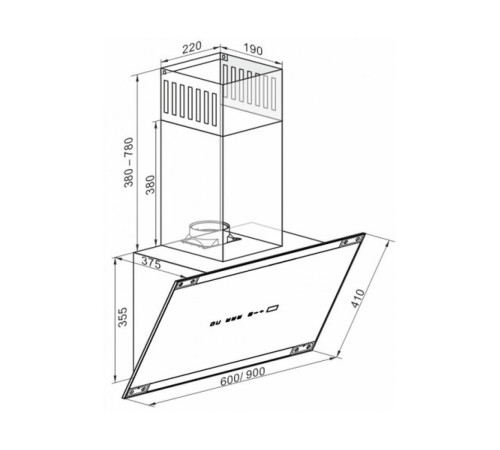 Витяжка Kaiser AT9445ADECO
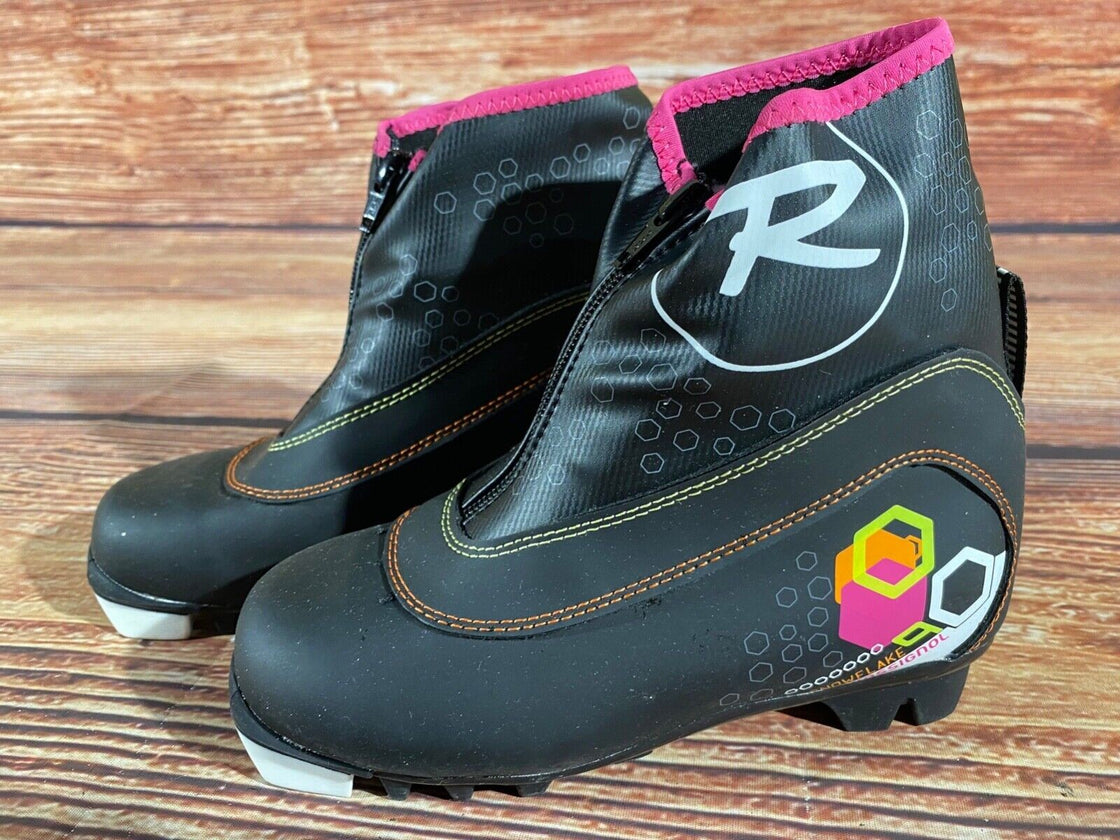 Rossignol Kids Nordic Cross Country Ski Boots Size EU33 US2 NNN O321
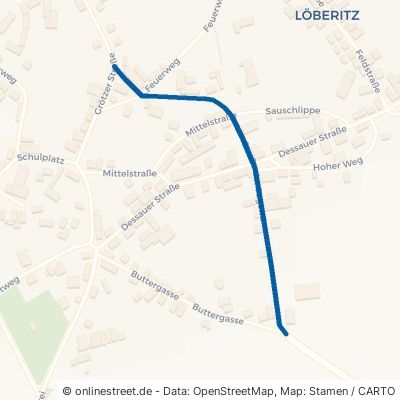 Straße Der Jugend Zörbig Löberitz 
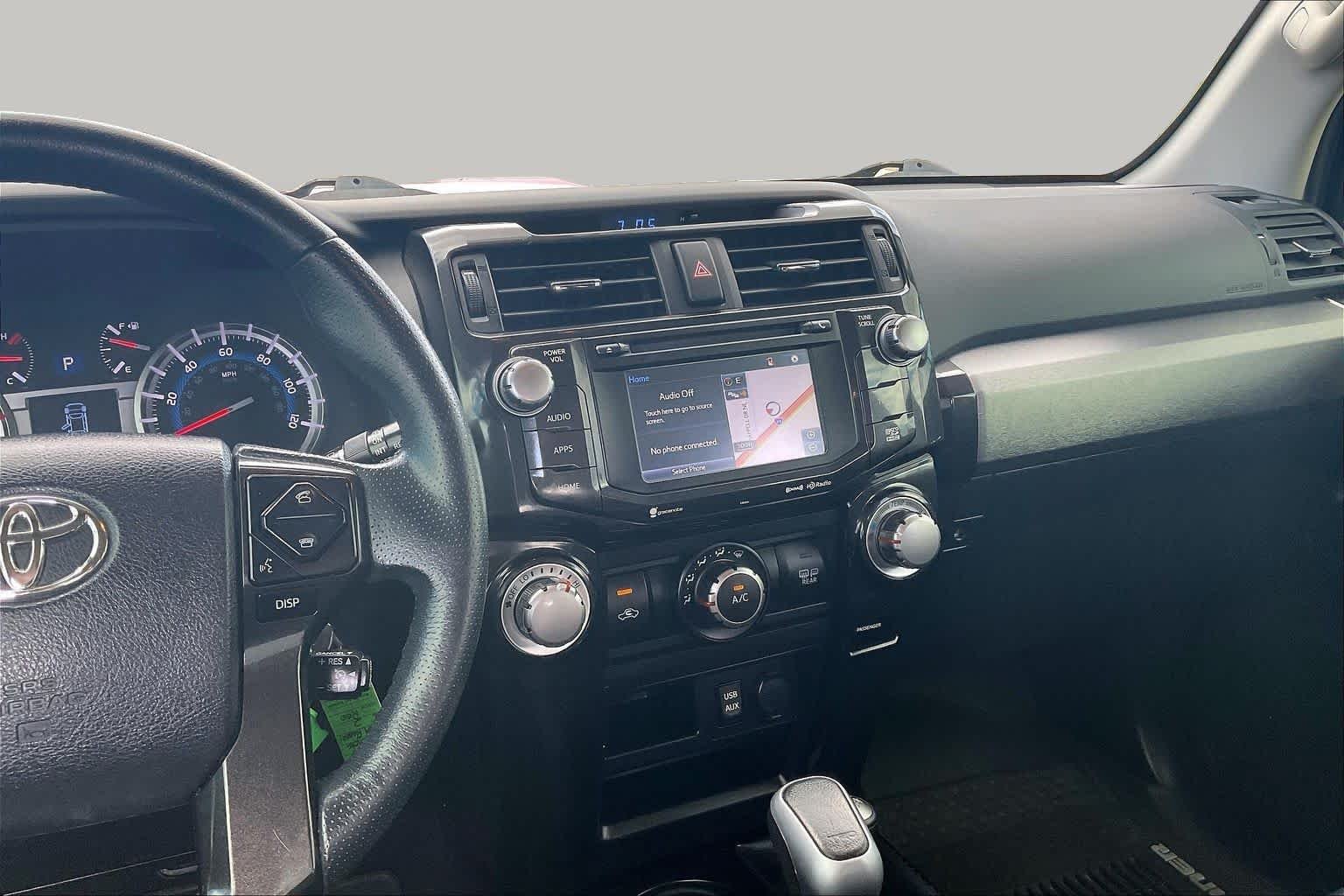 Used 2019 Barcelona Red Metallic Toyota TRD Off Road Premium image 7
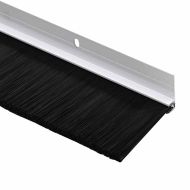 Запечатващи четки за врата с винтово закрепване 2 pcs Бяло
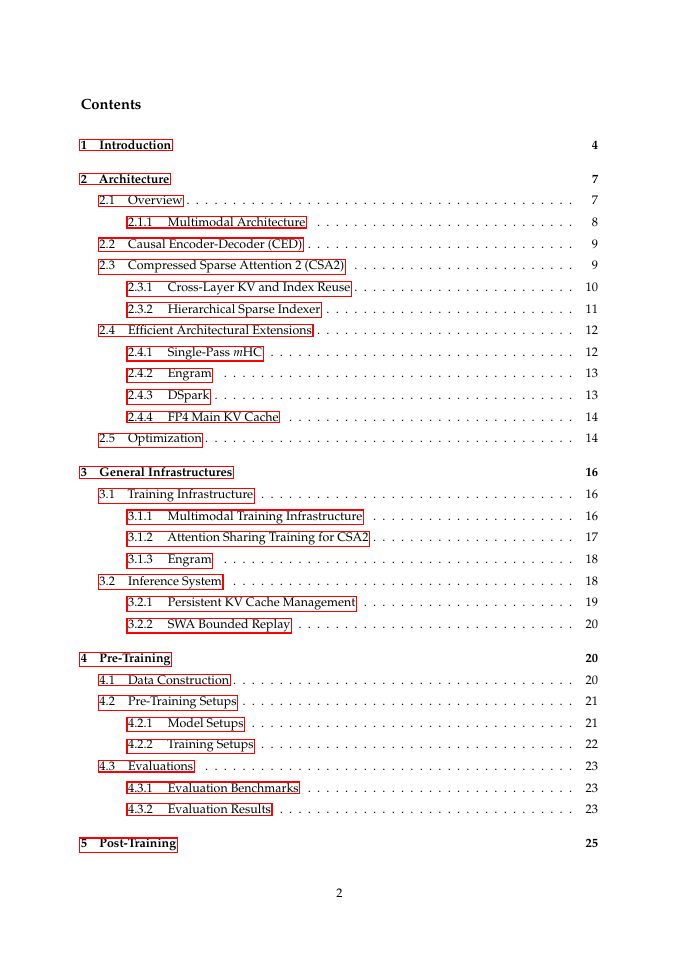 Page 2 of DeepSeek-V4.1-Flash: Pushing the Limits of KV Cache Compression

○ ○ ○ ○ ○

Work request ▸
From the entries above, copy exactly the lines starting at the one with "Rossignol Kids Nordic" and stopping at the one with "Запечатващи четки за", keeping both ends. Drop the pictures.

Solved exercise ▸
 Rossignol Kids Nordic Cross Country Ski Boots Size EU33 US2 NNN O321
 Straße Der Jugend Zörbig Löberitz 
 Used 2019 Barcelona Red Metallic Toyota TRD Off Road Premium image 7
 Запечатващи четки за врата с винтово закрепване 2 pcs Бяло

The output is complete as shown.